Il lui prit la main en lui laissant un baiser sur le front. Malgré tout, Valérie avait ce curieux pressentiment que quelque chose n’allait pas. Elle laissa un message vocal à chacun de ses enfants. Sans réponse, elle finit par leur envoyer un texto groupé

« Les loulous j’espère que ce n’est pas trop pénible et que vous allez bientôt reprendre le voyage. Je vous attendrai à l’arrivée. Prenez soin de vous je vous aime. Appelez-moi si besoin »

Pendant de longues minutes elle continua à se tourner vers l’arrière du car mais aucun véhicule ne les suivait.

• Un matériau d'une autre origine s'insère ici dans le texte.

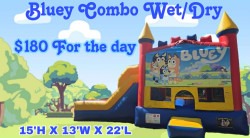 Bluey Banner Circus Combo Splash Pad Wet/Dry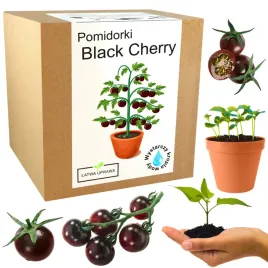 zestaw-do-uprawy-pomidor-koktajlowy-black-cherry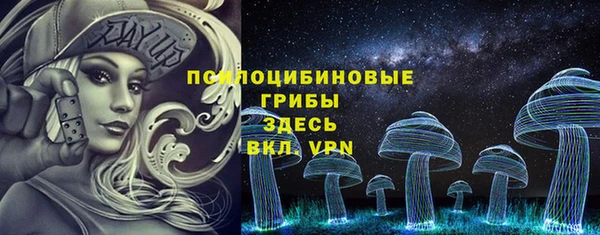 стаф Белоозёрский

Malgré les paroles rassurantes du chauffeur, une sensation étrange lui enserrait la poitrine. Lorsqu’une vingtaine de minutes plus tard, elle aperçut le nez du deuxième car, elle put enfin se détendre.

Le soir tombait lorsque le convoi arriva à destination. Et sans perdre une seconde, la mère de famille sortit pour attendre sa progéniture. Elle se sentait comme une louve à qui on avait pris ses petits.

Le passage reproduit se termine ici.